Although there are some concerns about labeling a young child with an ASD, the earlier the diagnosis is made, the earlier important interventions can begin. Clinical and research evidence over the last 15 years indicates that early intensive intervention results in improved outcomes for most children with ASD. Evaluations of school age and adolescent individuals should also include comprehensive interdisciplinary evaluations though the focus may be different. For the school age child, evaluation of cognitive development, language, social skills and behavior are important though the emphasis may be on assessing educational and treatment interventions and/or problem behaviors that are interfering with developmental progress. For the adolescent, the emphasis may be on adaptive behavior assessment and planning for the future. For children of any age, psychiatric evaluation should also be included to address possible problems with anxiety, depression or other mental health issues.

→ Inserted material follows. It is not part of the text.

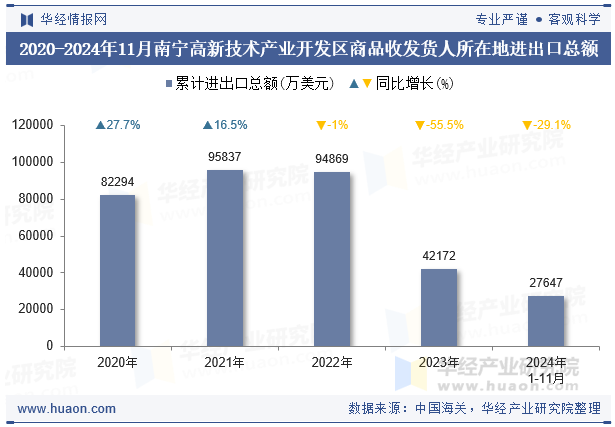 2020-2024年11月南宁高新技术产业开发区商品收发货人所在地进出口总额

In evaluating a child of any age, professionals rely on behavioral characteristics to make a diagnosis. Some of the characteristic behaviors of ASD are apparent in the first two years of a child’s life, or they may appear at any time during the early years. For the diagnosis, problems in at least one of the areas of communication, socialization or restricted, stereotyped, repetitive patterns of behavior must be present before the age of 3. Diagnosis usually involves two stages. The first stage involves developmental screening during a pediatric check-up. The second stage involves a comprehensive evaluation by an interdisciplinary team.
The Comprehensive Diagnostic Evaluation
To ensure an accurate diagnosis of an ASD or other developmental problem, an initial comprehensive and interdisciplinary evaluation is necessary. The interdisciplinary team includes a child psychiatrist, child neurologist or developmental pediatrician, psychologist, speech therapist or other professionals with expertise in diagnosing children with ASD.

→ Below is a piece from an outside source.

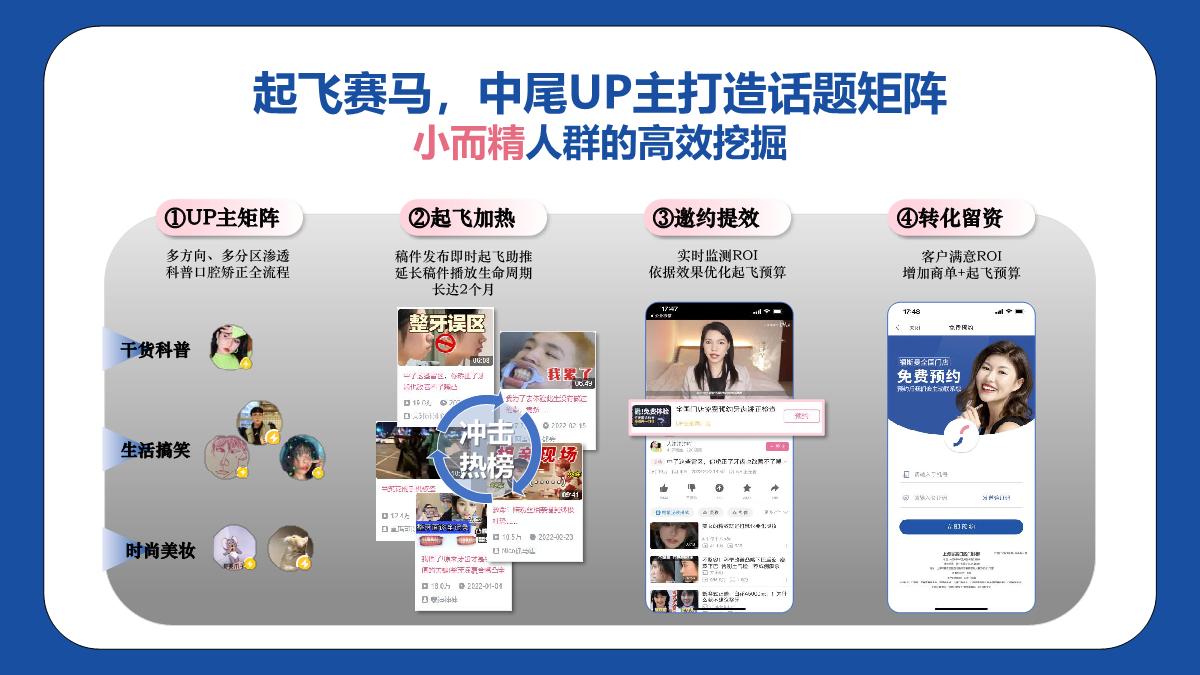 【医美】口腔行业优秀案例-商业起飞.pdf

Interdisciplinary also indicates that the professionals evaluating the child and family should work as a team providing a coordinated evaluation as well as coordinated treatment recommendations. Because ASDs are complex disorders and may involve other neurological or genetic problems, a comprehensive evaluation should include neurologic and genetic testing, along with in-depth cognitive and language testing. In addition, valid diagnostic measures specific to ASDs, with adequate reliability are best to use as part of the evaluation. These measures include the Autism Diagnostic Interview-Revised (ADI-R), a semi-structured parent interview, and the Autism Diagnostic Observation Schedule (ADOS), an interactive child observation. The ADI-R is a structured interview that contains over 100 items and is conducted with the parents/caregiver. It is made up of four main domains, including the child’s communication, social interaction and restricted, repetitive, stereotyped patterns of behavior, as well as age of onset of symptoms. The ADOS is an interactive observational measure used to assess socio-communicative behaviors, which are usually delayed, abnormal or absent in children with ASD.
Formal audiologic hearing evaluation and a lead screening should also be completed in any child with a developmental delay. Hearing loss can co-occur with ASD, though frequently children who do not respond to their name are initially incorrectly thought to have a problem with hearing. Children with ear infections can experience transient hearing loss. Lead screening is essential, especially for children who put objects into their mouths.

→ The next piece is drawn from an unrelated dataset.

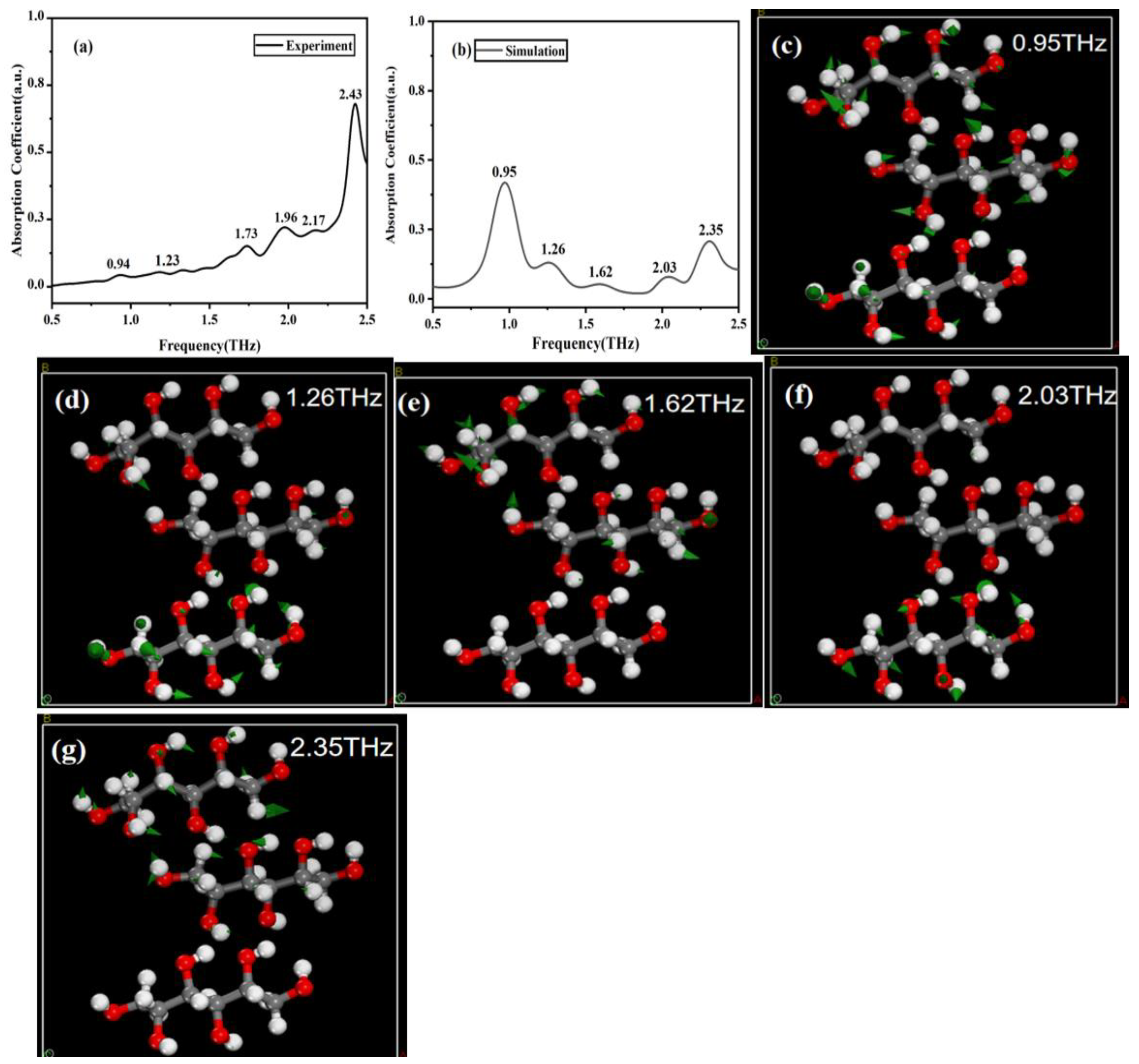 Molecules 29 03154 g004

An interdisciplinary team with expertise in diagnosing an ASD has the responsibility of providing a thorough evaluation of the child, assessing strengths and areas of difficulties, and determining a formal diagnosis. Members of the team should meet with the parents to review the complete findings, explain the meaning of the diagnosis, and discuss a plan of intervention. The intervention plan usually involves recommendations for an educational program. The team should be aware of both the needs of the child and the family and develop specific recommendations in discussion with the parents. In addition, the parents should be given the opportunity to ask questions and meet with someone from the evaluation team to provide further understanding of their child’s difficulties and also help in initiating interventions.
Children diagnosed with an ASD at a young age should be seen for yearly interdisciplinary follow-up evaluations to assess developmental progress and appropriateness of their treatment interventions. Autism programs within medical centers or within a Children’s Hospital are frequently able to provide comprehensive interdisciplinary evaluations.